[Image-caption web data]
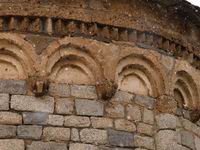 DETALLE DE LA ARQUER�A EN PIEDRA TOBA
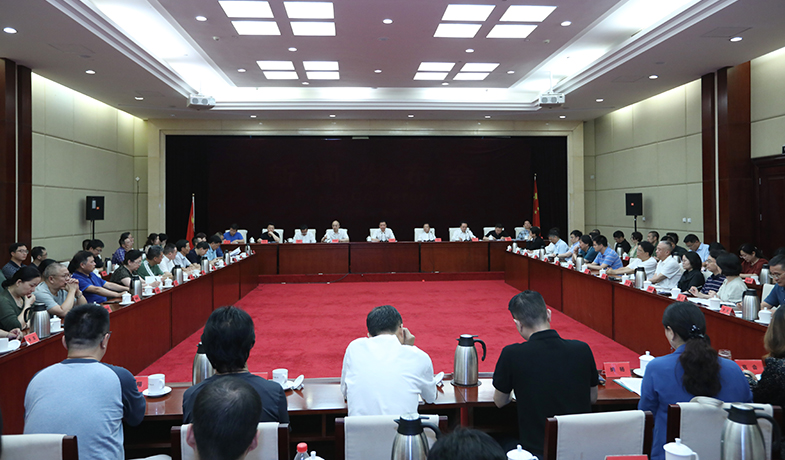 7月25日，第十一屆茅盾文學獎評獎委員會第一次全體會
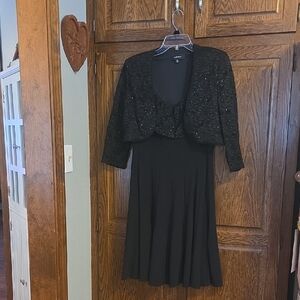 Elegant Black Sequin sleeveless Dress with Cropped Jacket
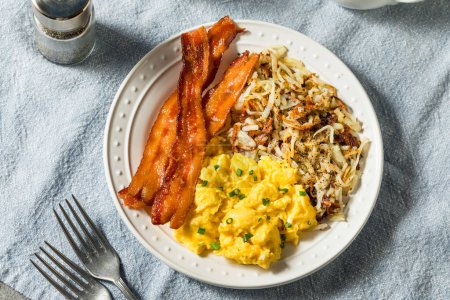 Téléchargez les photos : Petit déjeuner sain au bacon américain fait maison et marron haché avec sel et poivre - en image libre de droit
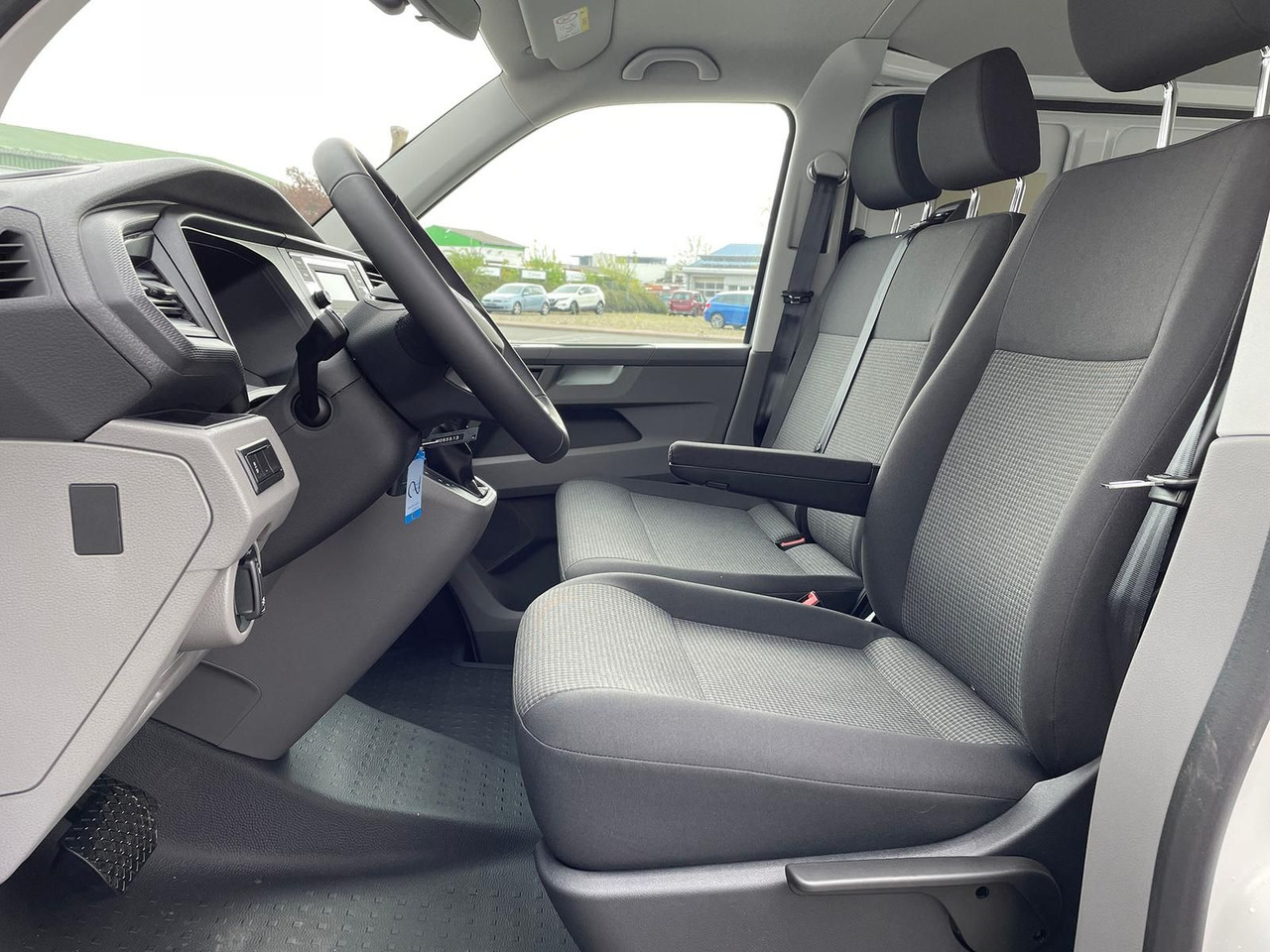 Új Furgon Volkswagen T6.1 Transporter Kasten lang 4M MFL LED TEMPOMAT: 25 kép.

= What is required =
Please retype the entries above word for word, but only from the line containing "Elegant Black Sequin" through the last line, and without the pictures.

= Result =
 Elegant Black Sequin sleeveless Dress with Cropped Jacket
 Téléchargez les photos : Petit déjeuner sain au bacon américain fait maison et marron haché avec sel et poivre - en image libre de droit
 Új Furgon Volkswagen T6.1 Transporter Kasten lang 4M MFL LED TEMPOMAT: 25 kép.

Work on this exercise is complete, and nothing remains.